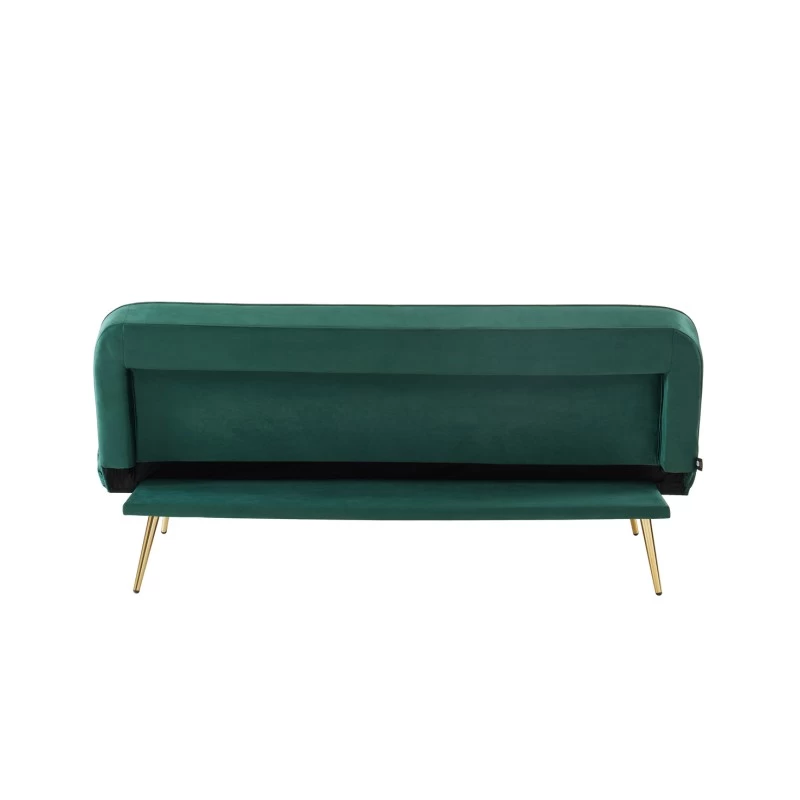 Banquette AROMA En Velours Vert 3 Places Convertible 8 Banquette AROMA En Velours Vert 3 Places Convertible – Image 8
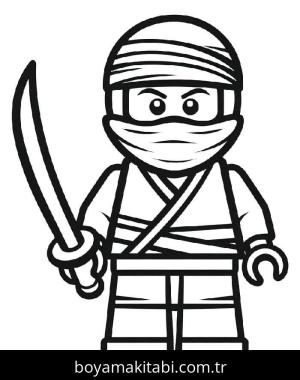 Ninjago boyama sayfası – boyama çalışması, yaratıcılığı geliştirir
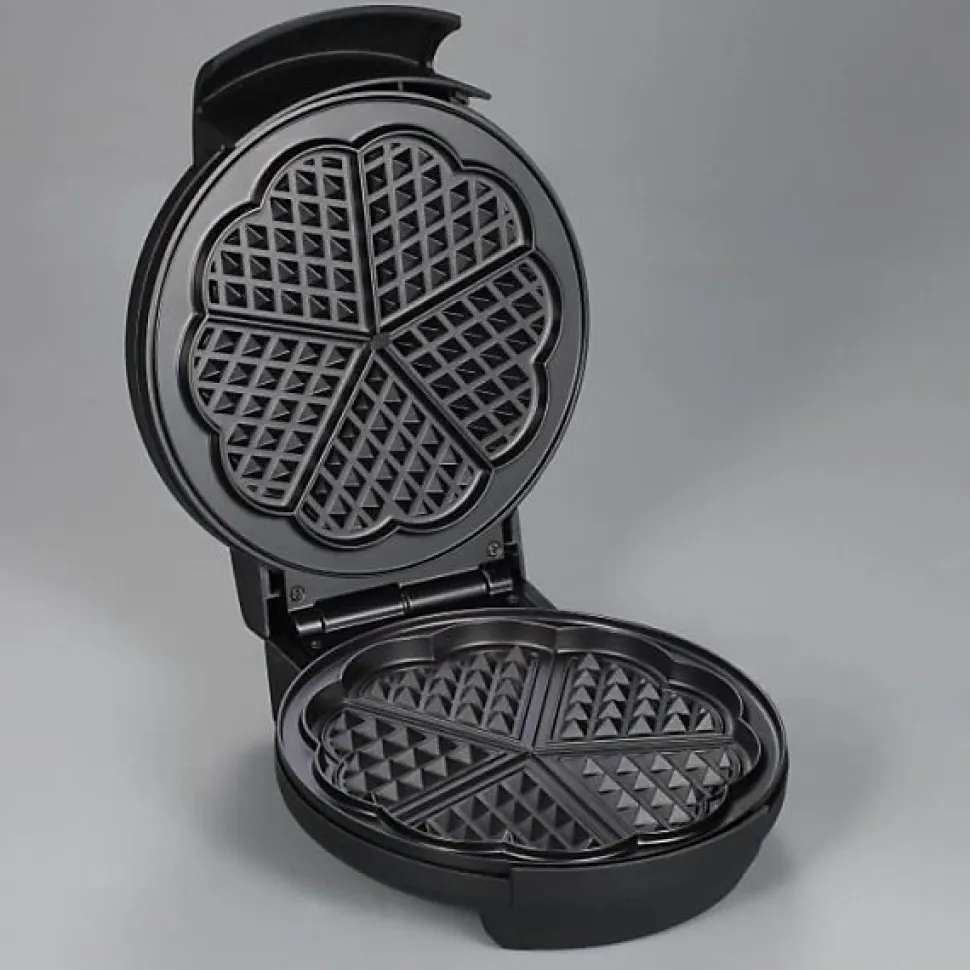 Machine a Gaufre - Gaufrier Electrique SEVERIN - WA2103 - Plaques forme coeur - Revetement anti-adhésif - 1300w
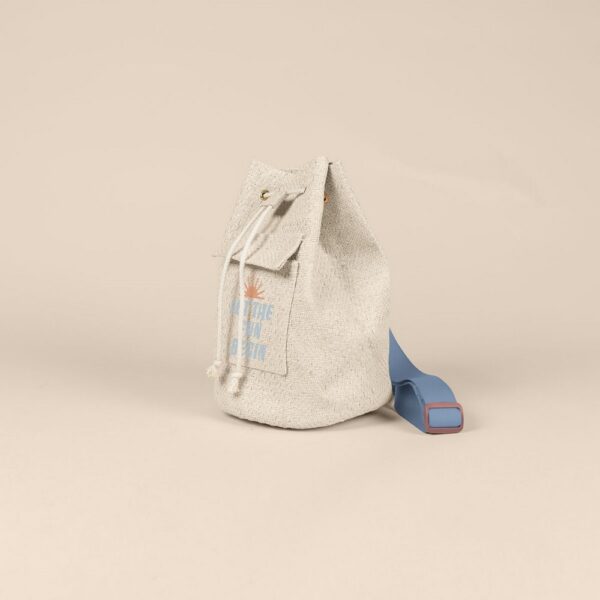 Bucket Sling Bag - Straw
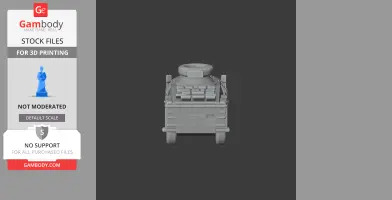 BRDM-2 - Tank Model STL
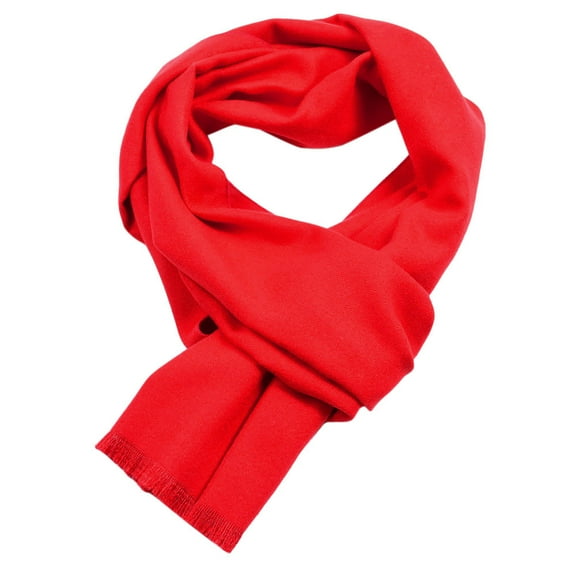 HNMKIU Scarf — Warm Solid Soft Winter Scarf for Men Long Neck Fashion Scarf Cozy -Feel wrap Winter Red,One Size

============

**What you should do:**
From the first line to the last, write out the data above exactly. Omit the pictures.

**Result of the task:**
 Banquette AROMA En Velours Vert 3 Places Convertible 8 Banquette AROMA En Velours Vert 3 Places Convertible – Image 8
 Ninjago boyama sayfası – boyama çalışması, yaratıcılığı geliştirir
 Machine a Gaufre - Gaufrier Electrique SEVERIN - WA2103 - Plaques forme coeur - Revetement anti-adhésif - 1300w
 Bucket Sling Bag - Straw
 BRDM-2 - Tank Model STL
 HNMKIU Scarf — Warm Solid Soft Winter Scarf for Men Long Neck Fashion Scarf Cozy -Feel wrap Winter Red,One Size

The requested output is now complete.